Yeah what about 5x5?


----------



## rubikaz (Mar 5, 2008)

Doudou said:


> I will be there, with my girlfriend.
> 
> Because I looooooooooooooove Spain



Why???? Do you think you are going to get more WR? For this you have to go to Murcia  (SE of Spain), not Madrid!!!


----------



## jazzthief81 (Mar 5, 2008)

Ah damn Arnaud and all the others, you make me want to go to every single tournament. 

This one looks very tempting though: it's in Madrid, there's big prize money so there will be good competition and there will be plenty of new people to meet as well. I think I even promised someone that I would come...

For me it would have to be by plane though. As much as I like road trips together with cubers, I simply can't take another 2-4 days of holiday soon.


----------



## sheriff (Mar 5, 2008)

Nice to have you all guys in Madrid


----------



## Siwi (Mar 12, 2008)

Hello, I write this, to encourage to inscribe(register) yourselves in the open madrid 2008. I form a part of the organization and all those more let's be better, which want to sign that they send mp to Okami or to my, or visit the web www.rubikaz.com/Madrid2008/english/index.html. Bye. Sorry but my english is veeeery poor


----------



## Okami (Mar 14, 2008)

Hi, this is the open poster 
http://img529.imageshack.us/img529/1817/okamicopiank1.jpg


----------



## Siwi (Mar 30, 2008)

This saturday...we celebrate it. Will you participe??


----------



## Doudou (Mar 30, 2008)

I want one of it for my room (poster) !!


----------



## Karthik (Mar 30, 2008)

Awesome poster!


----------



## ngb (Mar 31, 2008)

Yaaa, posters are awersome!! I took a dozen yesterday to distribute.

*If you have in mind this open do not forget to regiter just posting here -> http://www.rubikaz.com/foro/viewtopic.php?f=36&t=4207&start=0

press "publicar respuesta" button to post a new message.

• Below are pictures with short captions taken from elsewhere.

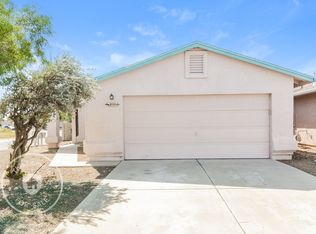 8904 E Citrus Tree Dr, Tucson, AZ 85730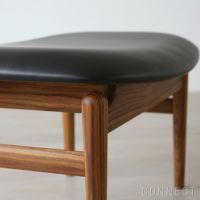 HOUSE OF FINN JUHL（ハウス・オブ・フィンユール） / CHIEFTAIN FOOTSTOOL（チーフテンフットスツール） / チーク材・オイル仕上げ・エレガンスレザー（mocca）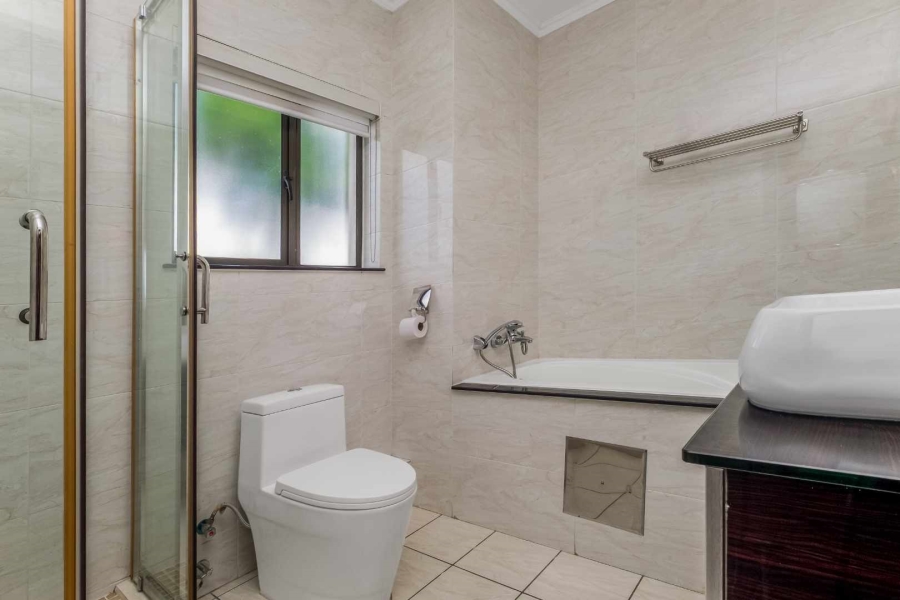 3 Bedroom Property for Sale in Broadacres Gauteng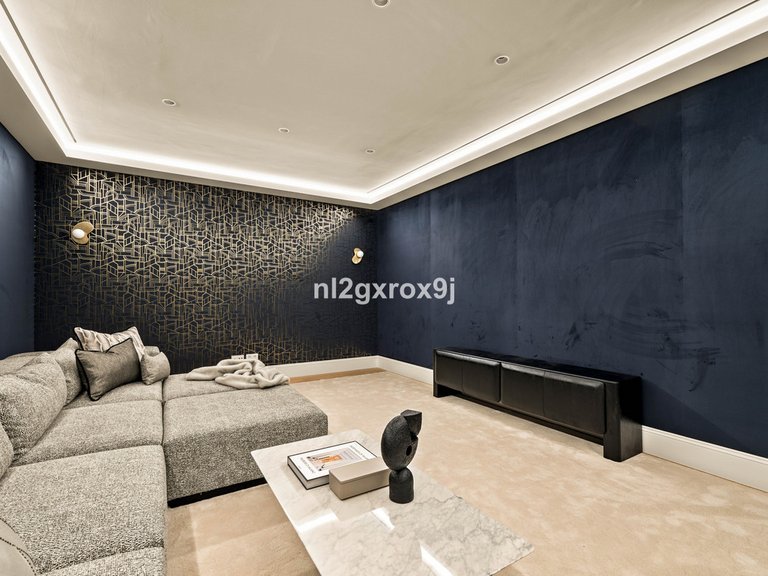 Villa for Sale in Nueva Andalucía, Malaga 40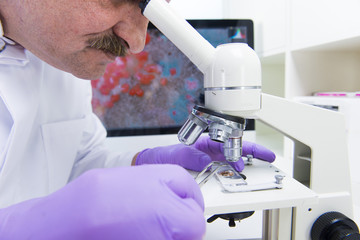 Laborant im Labor macht Untersuchungen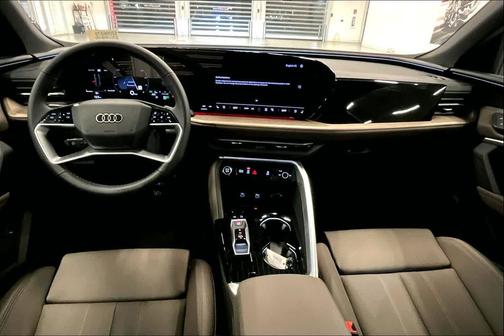 2025 Audi Q5 Premium Plus TFSI quattro S tronic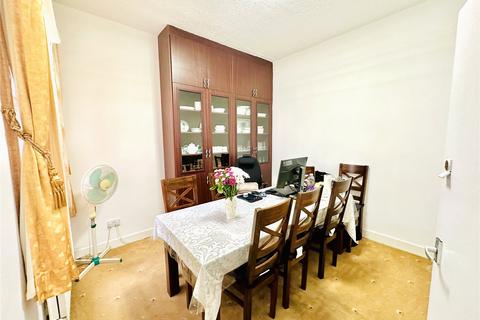 30 Nova Road, Croydon, CR0 2TL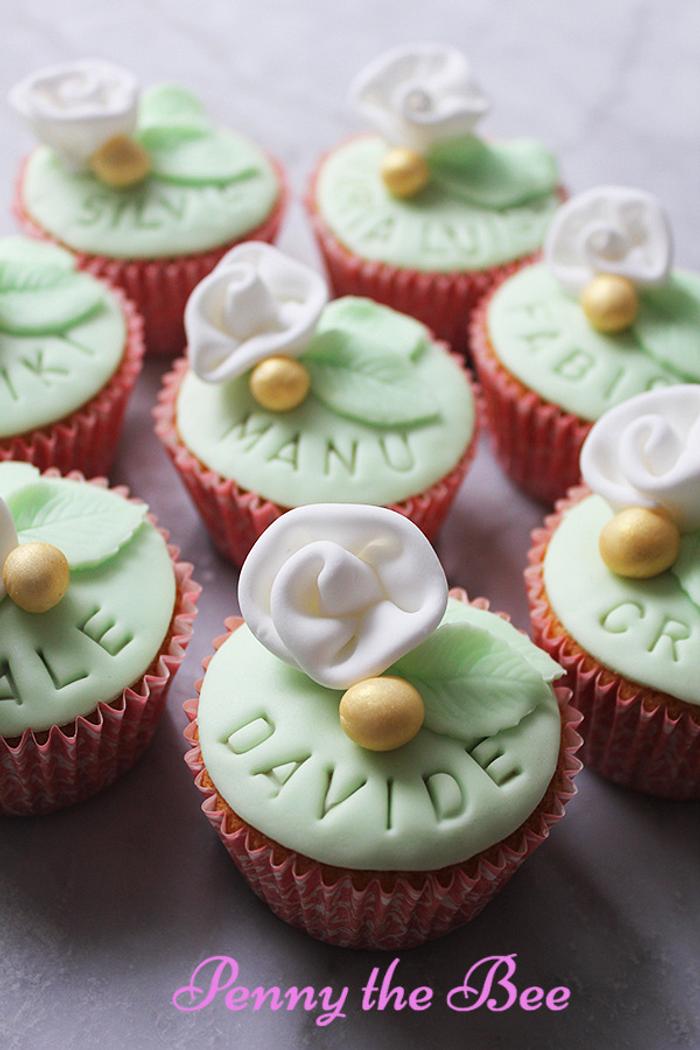 Cupcakes as 'Place cards'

You can post as a guest


* Remember this is the official page -> http://www.rubikaz.com/Madrid2008/english/index.html

* and these are the prizes -> http://www.rubikaz.com/Madrid2008/english/premios.html


We hope to see you in Madrid


----------



## Worms (Apr 5, 2008)

WR single 5x5 erik: 1'23.83''


----------



## Rama (Apr 5, 2008)

Worms said:


> WR single 5x5 erik: 1'23.83''



:') Erik... *sniff sniff* I love you man. 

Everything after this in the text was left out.